Earlier I had written 2 posts – Taking your Northwind Database to SQL Azure and binding it to an ASP.NET GridView Part I and Part II .  I thought, I will complete the series with a post on moving your ASP.NET Application as well to Windows Azure making it a truly cloud based application.

Before we start, there are a bunch of things that you would need to do.  First and foremost, you would need a Token for Windows Azure.  You can request for a free token for Windows Azure from here after providing your Live ID and a few more details.   I am not aware of the current time it takes for receiving a token but in the past it used to be 24 hours.

Similarly, if you want to have SQL Azure Tokens, you can get it from here and then login to https://sql.azure.com to redeem the token once you receive the same.  (if you had migrated your SQL Database to SQL Azure as per my earlier posts, you would have done these already)
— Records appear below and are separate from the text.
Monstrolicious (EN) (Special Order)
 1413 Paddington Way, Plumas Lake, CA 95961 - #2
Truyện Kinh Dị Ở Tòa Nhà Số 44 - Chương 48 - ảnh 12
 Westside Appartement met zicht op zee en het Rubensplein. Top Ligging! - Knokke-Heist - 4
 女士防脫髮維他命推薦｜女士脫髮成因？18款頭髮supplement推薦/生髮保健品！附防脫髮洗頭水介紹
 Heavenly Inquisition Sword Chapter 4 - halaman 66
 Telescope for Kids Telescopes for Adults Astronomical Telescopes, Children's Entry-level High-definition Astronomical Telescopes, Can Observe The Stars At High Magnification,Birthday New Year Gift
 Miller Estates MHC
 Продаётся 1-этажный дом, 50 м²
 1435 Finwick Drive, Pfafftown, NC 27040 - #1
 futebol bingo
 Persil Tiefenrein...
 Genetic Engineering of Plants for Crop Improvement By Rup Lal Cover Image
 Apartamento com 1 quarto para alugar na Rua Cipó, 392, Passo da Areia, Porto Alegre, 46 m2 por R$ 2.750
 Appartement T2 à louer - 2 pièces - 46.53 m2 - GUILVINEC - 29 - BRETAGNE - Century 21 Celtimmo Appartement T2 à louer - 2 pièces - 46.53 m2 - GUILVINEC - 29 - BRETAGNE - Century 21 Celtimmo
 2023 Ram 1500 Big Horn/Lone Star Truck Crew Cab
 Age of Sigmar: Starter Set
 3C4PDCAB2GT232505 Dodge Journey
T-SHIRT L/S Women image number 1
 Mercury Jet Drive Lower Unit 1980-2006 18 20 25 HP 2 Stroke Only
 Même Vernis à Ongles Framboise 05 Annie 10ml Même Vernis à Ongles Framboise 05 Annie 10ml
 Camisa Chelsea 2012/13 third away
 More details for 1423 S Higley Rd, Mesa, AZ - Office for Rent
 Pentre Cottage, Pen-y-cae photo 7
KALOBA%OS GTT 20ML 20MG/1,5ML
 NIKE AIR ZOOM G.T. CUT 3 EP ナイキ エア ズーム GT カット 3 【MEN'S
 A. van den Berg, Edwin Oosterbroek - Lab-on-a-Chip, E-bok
Once you receive the tokens for Windows Azure, you would need to visit the http://lx.azure.microsoft.com/ and sign in with your Live ID that you used for registering for the tokens.  Once you login, you would be able to see a screen as below

Since you haven’t claimed the tokens, there won’t be any projects listed here.  You can click on “Account” tab and click on “Manage my Tokens” in the bottom to claim the tokens for Windows Azure.  With this token you can create 1 hosted services account and 2 blob storage accounts.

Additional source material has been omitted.